Surface meteorological data for 2009 and Automated Surface Observing System 1-min data from the nearest airport to the study area, Parkersburg, WV, and upper air data files for Wilmington, OH were downloaded from National Oceanic and Atmospheric Agency Climate Data Center websites.2931 The Automated Surface Observing System 1-min data were processed through AERMINUTE to calculate hourly average wind speed and directions.32 Local land-use and terrain data required by AERMOD were obtained from the Multi-Resolution Land Characteristics Consortium website.33 National Land Cover Data for 1992 was preprocessed with AERSURFACE to obtain values for surface albedo and Bowen ratio based on land-use characteristics and surface roughness.34 Outputs from AERSURFACE and AERMINUTE, along with local meteorological data, were inputs to AERMET, the meteorological preprocessor for AERMOD.35 Resolution of the terrain data was 1/3 s National Elevation Data and was analyzed with AERMAP36 to determine ground level elevations for the sampling domain including elevations for the stationary monitor and residences of study participants as well as local schools (n = 12) the participants attended (Figure 1). The final AERMOD model was executed with the dispersion option as the regulatory default, the dispersion coefficient as rural, the output type as concentration, the pollutant type as Mn, the terrain height options as elevated, and a flagpole receptor height only for the stationary air monitor. All other receptors were modeled at ground level elevation. The option to account for building downwash was excluded owing to the lack of information on building dimensions associated with each stack. However, given that the height of each stack was >90ft, there should be little to no effect on modeling results. The final AERMOD model and all preprocessing, except AERMINUTE, were executed with the integrated interface AERMOD View Version 7.6 from Lakes Environmental Software.37 Output from AERMOD included 24 h and monthly ambient Mn μg/m3 concentration levels modeled for the stationary air monitor and each school and study participant residence.

Proximity Measure

A TWD measure was used within subanalyses for the CARES study.18,19 It is calculated as a weighted measure of the distance of the child’s residence and school from the ferromanganese refinery using estimates of time spent at home and school. For comparison with personal air Mn levels, the amount of time at home and school were derived from daily activity logs.

Statistical Analysis

All statistical analyses were performed using SAS 9.4 (SAS Institute, Cary, NC, USA). Summary statistics including mean, standard deviation, median and range were calculated. Normality of variables was evaluated with the Shapiro–Wilk test and histograms. Natural log transformation (ln) was used to achieve normality as necessary. Agreement of modeled to measured levels of Mn was assessed with multiple statistics including Fractional Bias (FB) and Index of Agreement (IOA). Regression analysis was used to evaluate the relationship between personal air Mn and modeled Mn levels.

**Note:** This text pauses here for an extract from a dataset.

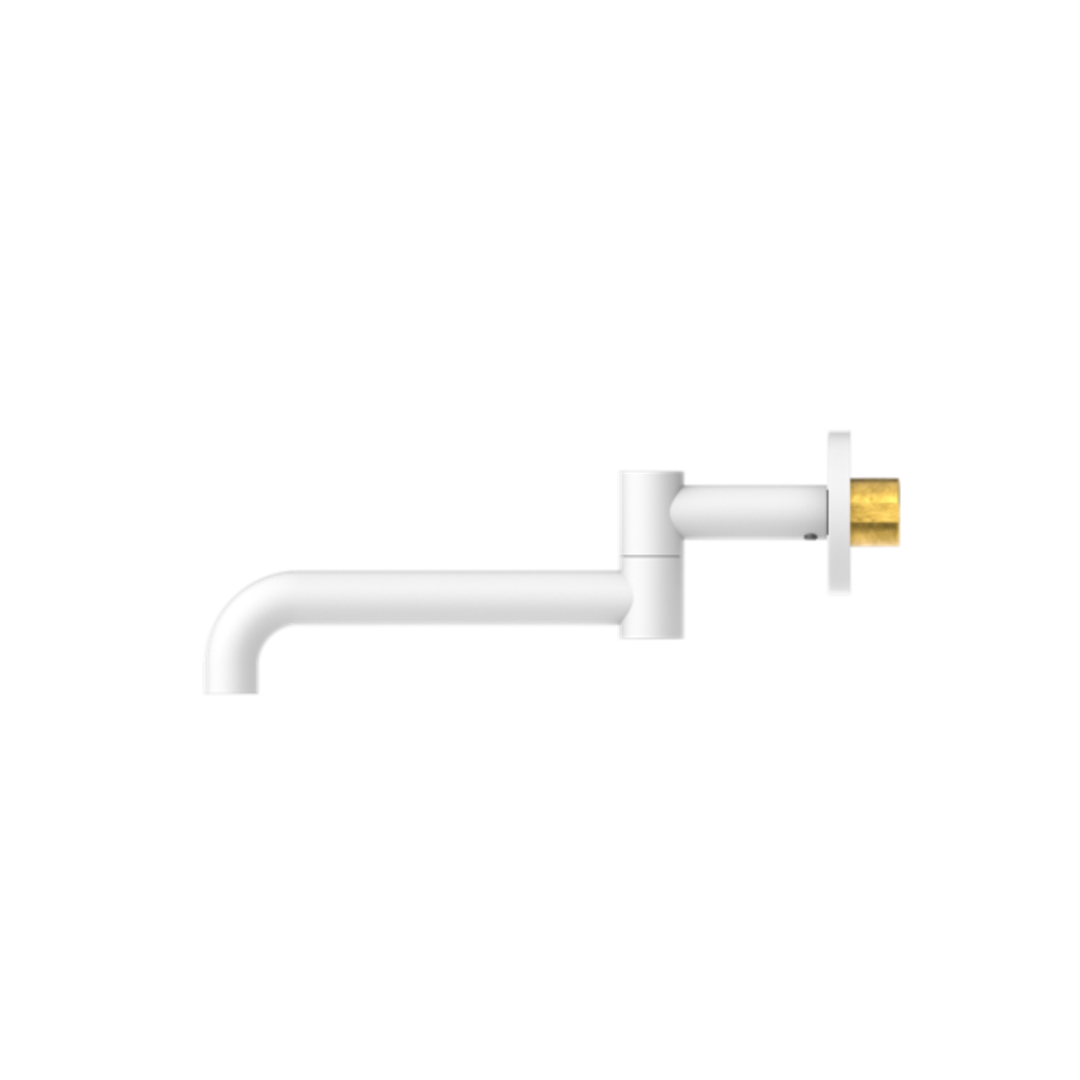 Nero Mecca Wall Mounted Swivel Basin/Bath Spout Only 225mm - Matt White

Modeled versus Personal Air Mn

For participants with complete 2009 personal air sampling data (n = 19), a modeled level of ambient air Mn was calculated based on the dates of personal monitoring. A time-weighted 48 h ambient Mn concentration was determined for each study participant. Simple linear regression between personal air Mn and modeled ambient air Mn was used to assess the amount of variability in personal air Mn exposure attributable to ambient air Mn from outdoor sources.21 In addition, a regression between personal air Mn versus TWD was used to obtain the amount of variability in personal air Mn exposure that could be explained by proximity to EMI.

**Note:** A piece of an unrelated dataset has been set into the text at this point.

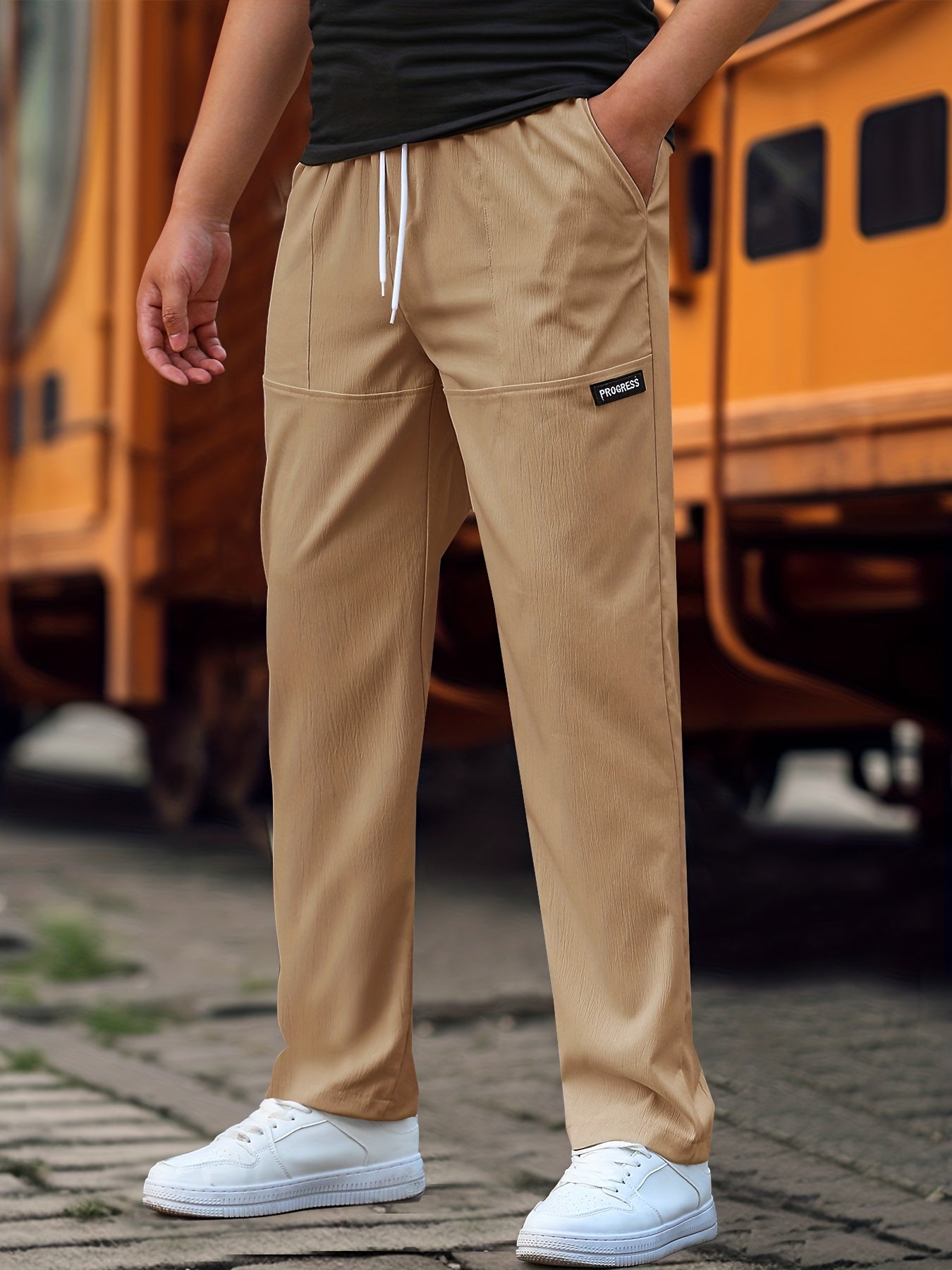 Maxct  Men's Straight Leg Casual Work Pants, Classic Design Waist Drawstring Joggers For Fitness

Modeled versus Measured Mn

Ambient air Mn concentrations modeled by AERMOD at the same location and height as the stationary air monitor were compared with measured Mn concentrations from stationary air monitor samples. Temporal scales of 48 h, monthly and yearly were included in the assessment. For comparison of Mn levels based on 48 h, modeled 24 h Mn concentrations were time matched to dates of 48 h stationary air samples and averaged to 48 h levels (n = 132). The calculated monthly Mn levels from the stationary air samples were compared with the modeled monthly Mn concentrations from AERMOD. Annual values were compared based on the average of the monthly Mn concentrations produced by AERMOD and the average of stationary air samples across all sample dates in 2009. Statistical approaches used to compare the modeled and measured ambient Mn exposure levels (across time scales) included plots of modeled versus measured Mn concentrations, the normalized mean square error, FB and IOA.23,38

Modeled Exposure Concentrations for Study Participants

For each participant enrolled in 2009 (n = 88), ambient air Mn exposure concentrations were calculated based on the modeled annual air Mn concentrations spatially allocated to geographic locations associated with schools and homes of participants and the amount of time participants spent at home and at school. Output from AERMOD included monthly ambient Mn concentration levels for each school and participant residence; annual ambient Mn concentrations were calculated by averaging the monthly concentrations. A time-weighted annual ambient Mn concentration was determined for each study participant with time at home and school assumed to be 70% and 30%, respectively, based on completed daily logs from CARES.18

RESULTS

Modeled versus Personal Air Mn

Descriptive statistics for participants with complete personal air sampling data from 2009 (n = 19) are detailed in Table 2. Personal air and 48 h modeled air Mn was 11.11 and 27.88 ng/m3, respectively. The relationship between personal air Mn and 48 h modeled Mn concentrations was examined (Table 3 and Figures 2 and 3). Initially, the 48 h modeled Mn concentration was not significantly related to personal air Mn levels. Examination of the regression plots, studentized residuals and Cook’s D indicated the presence of an outlier. The data point had a personal air Mn level of 42.35 ng/m3 and a 48 h modeled ambient Mn level of 1.156 ng/m3 and was in close proximity to the primary emission source (TWD = 4.6 km). When compared with modeled levels at a similar distance, the value for the 48-h time frame is low (1.56.8 and 135.6 versus 1.2 ng/m3), indicating that the model may have underestimated the level given the combination of close proximity and short time frame. The regression model was rerun without the outlier and the R2 increased from 0.1030 to 0.4196 and the level of 48 h modeled ambient air Mn was found to be positively associated with the level of personal air Mn (P = 0.0037). A post hoc robust regression run on the same data resulted in the same parameter estimates for the regression of log personal air Mn with log 48 h modeled Mn.

Table 2.

Summary statistics for 2009 personal air Mn samples in Marietta, OH and time-matched AERMOD modeled ambient air Mn concentrations.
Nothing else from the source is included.